Observing Modes¶
Spectroscopic Observing Modes¶
The glow of thermal emission from the earth’s atmosphere, and even the telescope itself, starts to dominate photon counts at NIR wavelengths, seriously contaminating the signal from target sources. This thermal emission glow is typically dubbed ‘sky background’ (even though it originates in the foreground of the target source).
SOXS has multiple observation modes to provide astronomers with flexibility and a choice of methods to isolate and remove the noise generated by the sky background from their science frames.
The main spectroscopic observation modes are (click links for more detail):
Stare mode is a simple ‘point and shoot’ observation with simultaneous UV-VIS and NIR exposures. With stare mode observations, the on-source sky background is modelled, fitted, and removed with software. Although background removal is less accurate than the other observation modes, the time lost in overheads is lower. Also, unlike the other observation modes, the need for image subtraction, which increases the random noise in the data by \(\sqrt{2}\), is bypassed. Multiple exposures of the target can be taken, and combined exposures help remove cosmic ray hits and avoid saturation of skylines.
Nodding mode employs an observational technique to measure the sky background of an empty patch of sky near in time and spatially close to the source. This spectral measurement of the sky background flux is removed from the on-source spectrum. Although generating more overhead time than stare mode, unlike offset mode, this technique allows the source and sky to be observed on the same frames.
More on Nodding Mode¶
The driving motivation for observing with nodding over stare mode is to isolate the target flux more accurately by providing a cleaner sky background subtraction.
To ensure a clean subtraction, we need a spectral image of the night sky closely resembling the profile of the sky, contributing to flux in the target image.
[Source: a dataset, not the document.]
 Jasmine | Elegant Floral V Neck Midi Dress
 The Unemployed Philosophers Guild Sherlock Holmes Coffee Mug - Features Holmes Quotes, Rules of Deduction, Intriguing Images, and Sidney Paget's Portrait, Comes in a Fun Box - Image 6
As sky flux varies on a timescale of minutes, ideally, we would observe a relatively empty area of the night sky as close as possible to our target source in both space and time. The ‘nodding’ observational technique was designed to fulfil these criteria.
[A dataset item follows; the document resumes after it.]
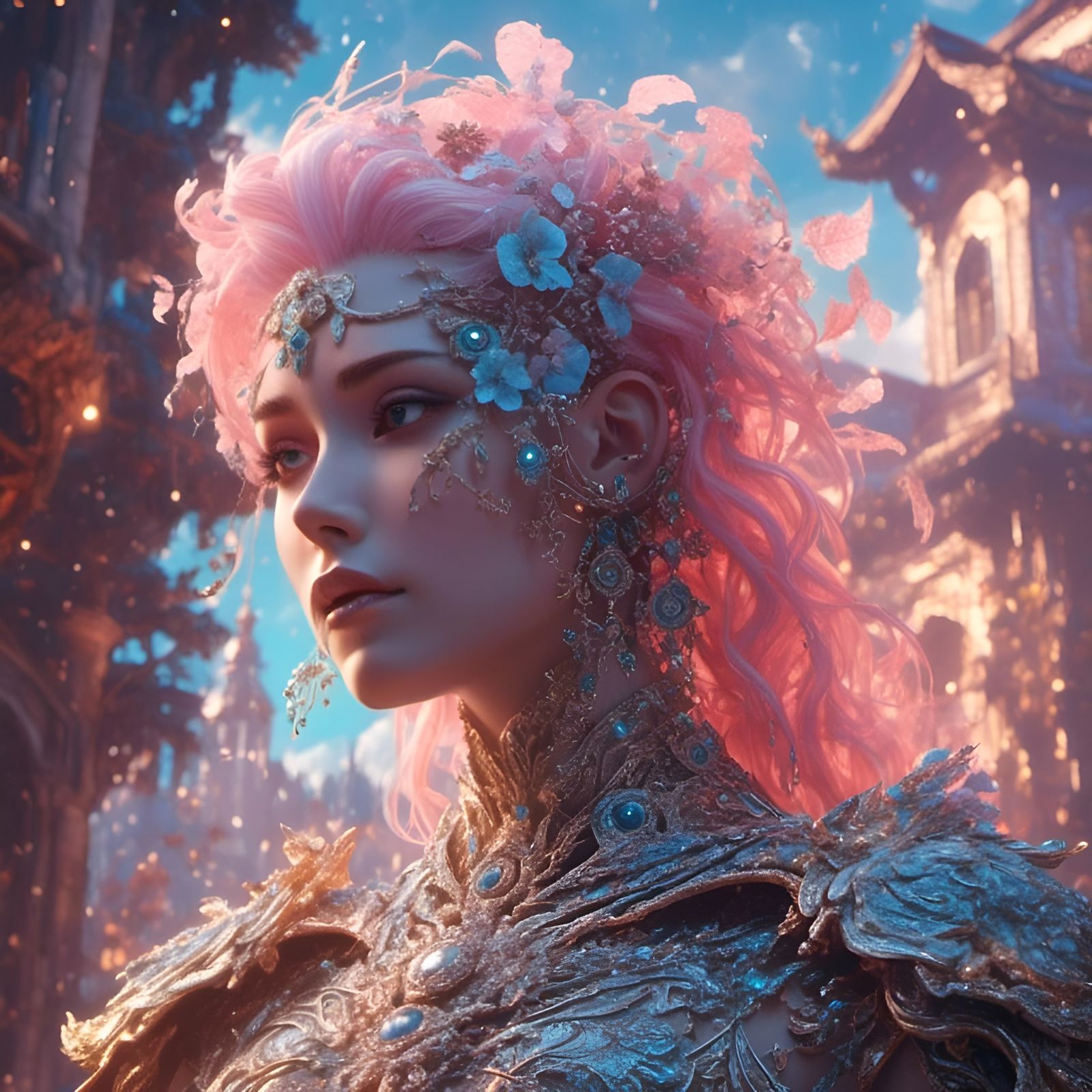 Pastel Vine Portrait in Cosmic Village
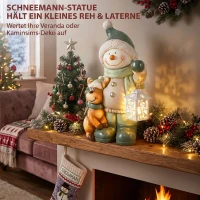 HOMCOM Figurka bałwana 43 cm z MGO z lampionem LED i timerem, do wejścia i przy drzwiach(m-4)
Fig. 30 The nodding method of sky-subtraction. ¶
Cycles and Sequences¶
During nodding-observations we consider 2 locations on the slit, A and B, separated by a few arcseconds. Observations are performed in pairs of equal length exposures called cycles. First a spectrum is taken with the target located at slit-position A. The telescope is then shifted, or ‘nodded’, so the target is at slit-position B and a second spectrum is taken. This completes an AB cycle. This process is then repeated in reverse to acquire the third and forth exposures at slit-positions B and A respectively; a BA cycle.
Two or more cycles are then combined into a sequence. The shortest sequence possible is AB and BA, or ABBA, but sequences can be compiled by many cycles. e.g. an 8 cycle sequence ABBAABBAABBAABBA.
Jittering¶
Alongside nodding it is also possible to introduce jittering which allows for the target to be shifted by a very small random offset each time it is placed at slit positions A and B. This jittering helps avoid the case where the same portion of a target spectrum may be masked by bad-pixels/columns on the detectors.
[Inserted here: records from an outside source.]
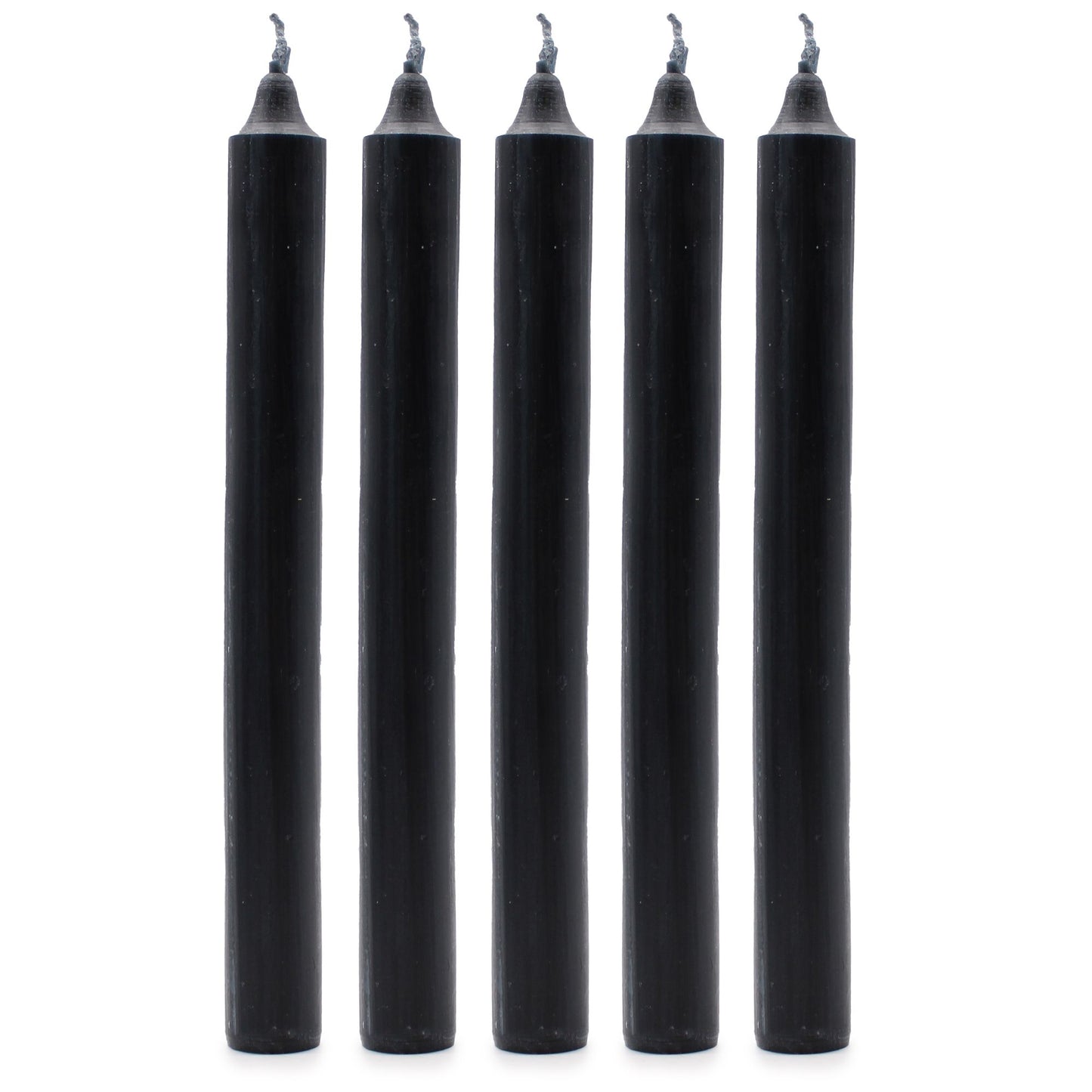 10 x Velas a Granel de Color Sólido - Negro Rústico - Paquete de 10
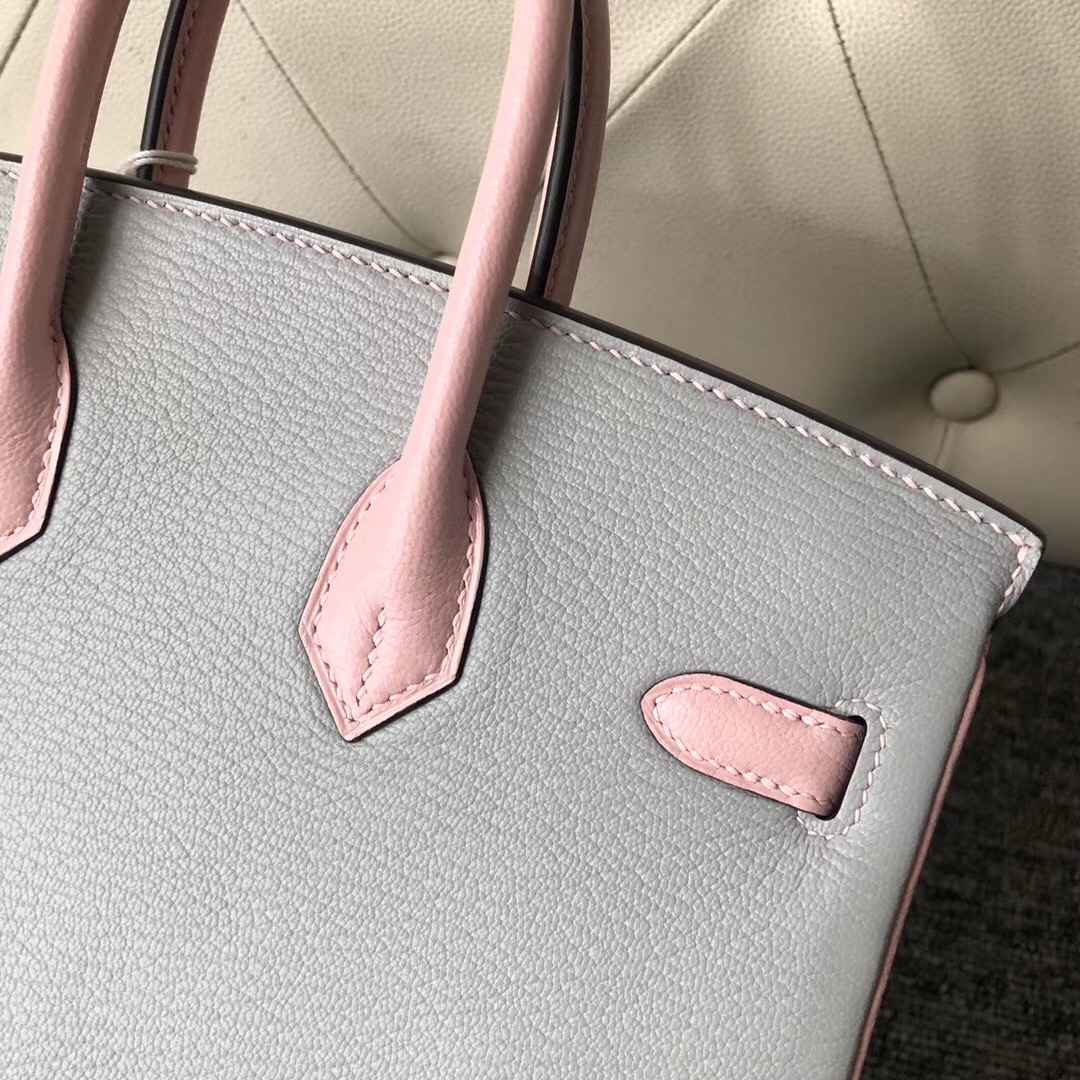 Hermes Birkin 25cm HSS Chevre CK80 Pearl Grey 3Q Rose Sakura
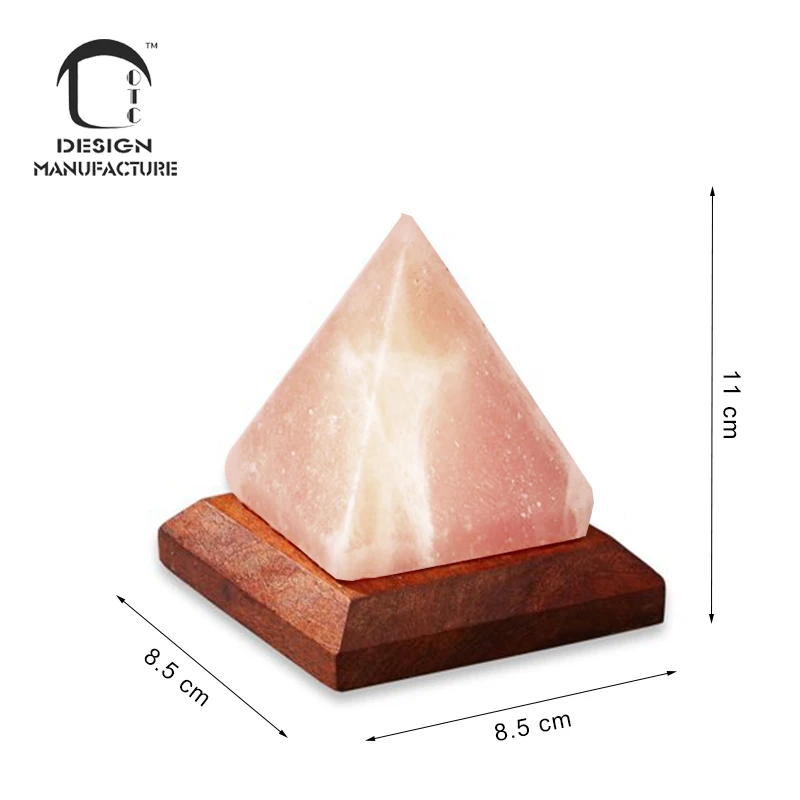 Supplier hot sale yoga hand carved mini pyramid Himalayan salt lamp with wooden base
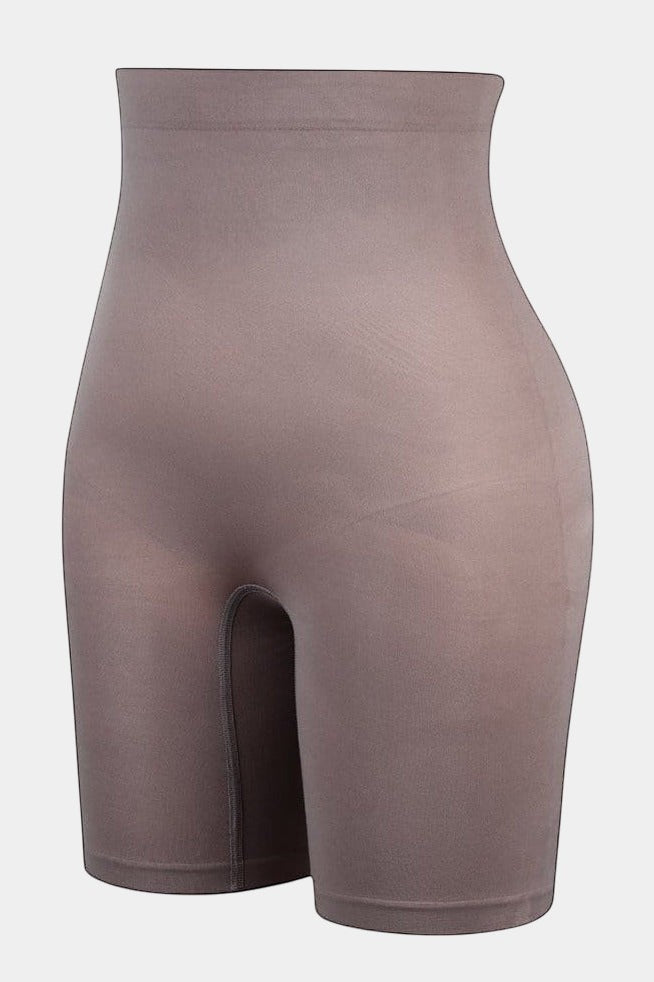 www.modusactive.com taupe seamless high-waist butt lifter shorts made of nylon and elastane for tummy control and shaping.
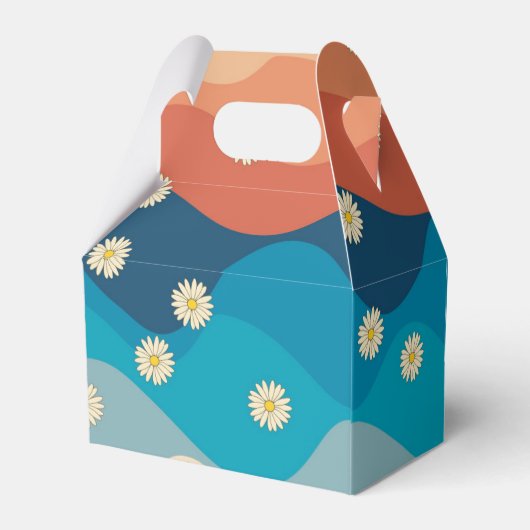 カラフルレトロ波とデイジーパターン フェイバーボックス (裏面サイド)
When including jitter an ABBA sequence becomes A\(^{1}\) B\(^{1}\) B\(^{2}\) A\(^{2}\) , where the subscript indicates a location at the slit-positions A or B but now including a small random offset (a jitter).
Combining Frames¶
For each cycle exposure pair, 2 difference images are produced; A-B and B-A. Each difference image will contain a trace of the target with the sky-background removed (and also a trace of the sky-background with the target flux removed). For all difference images, each echelle order can be identified and straightened (rectified) into its own image. Then for each set of order images, the target trace can be aligned and images combined to improve the signal-to-noise ratio in a final stacked image.